* **DATASET EXTRACT**:
_ _ _ _ _

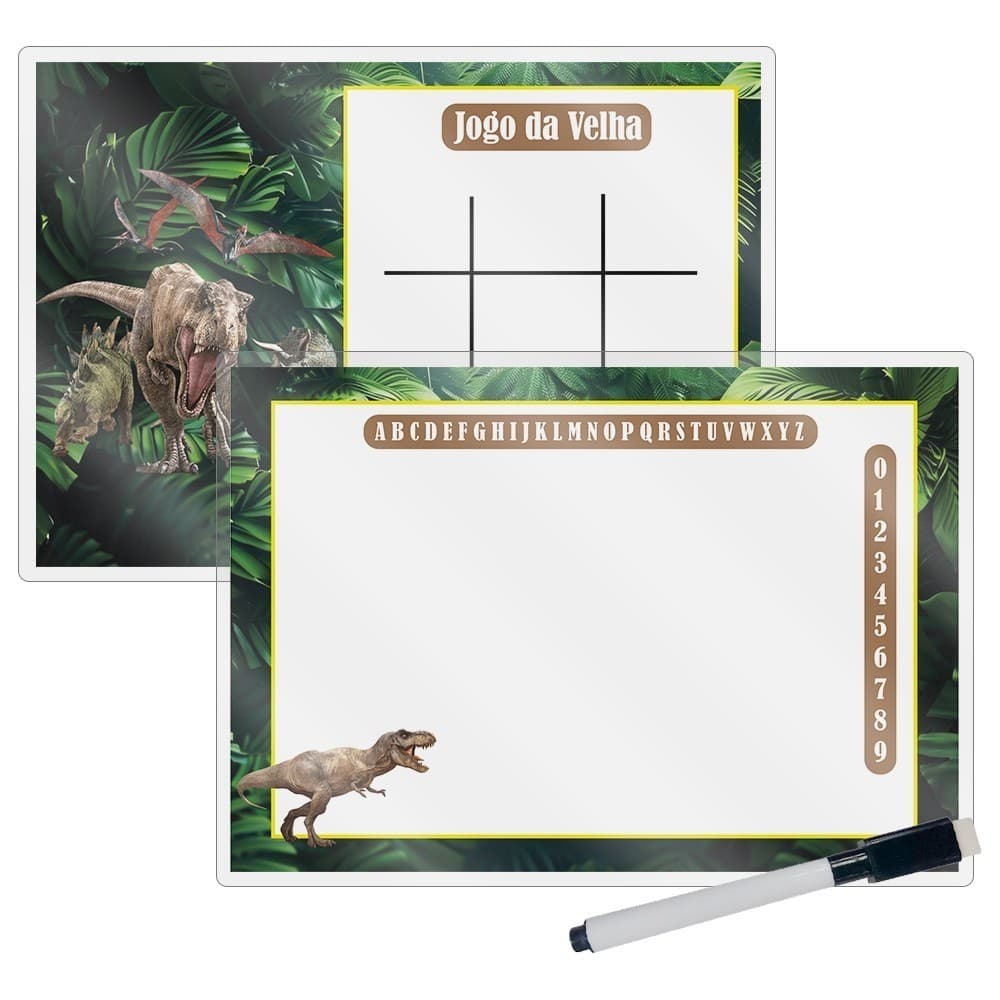 Lousas+Caneta Escreve Apaga Jogo Da Velha Lembrancinhas Tema Dinossauro Casamento Eventos Variados3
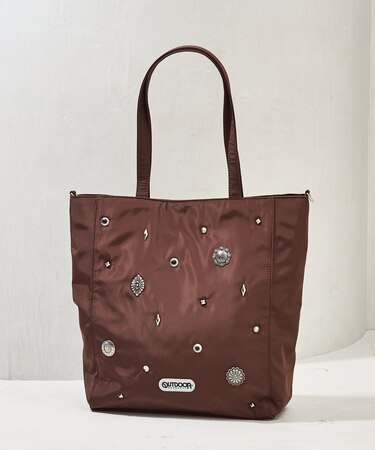 別注 2WAY コンチョトートバッグ/A4サイズトートバッグ/ノートPC収納可能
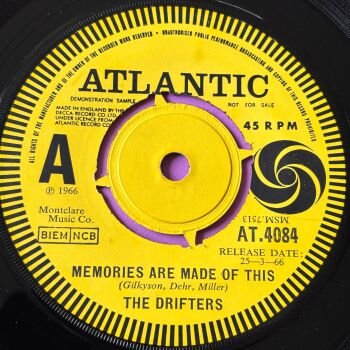 Drifters-Memories are made of this-UK Atlantic Demo E+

_ _ _ _ _

* **TASK OBJECTIVE**: Without the pictures, transcribe the listing exactly as it stands.

* **PROBLEM SOLUTION**:
 Lousas+Caneta Escreve Apaga Jogo Da Velha Lembrancinhas Tema Dinossauro Casamento Eventos Variados3
 別注 2WAY コンチョトートバッグ/A4サイズトートバッグ/ノートPC収納可能
 Drifters-Memories are made of this-UK Atlantic Demo E+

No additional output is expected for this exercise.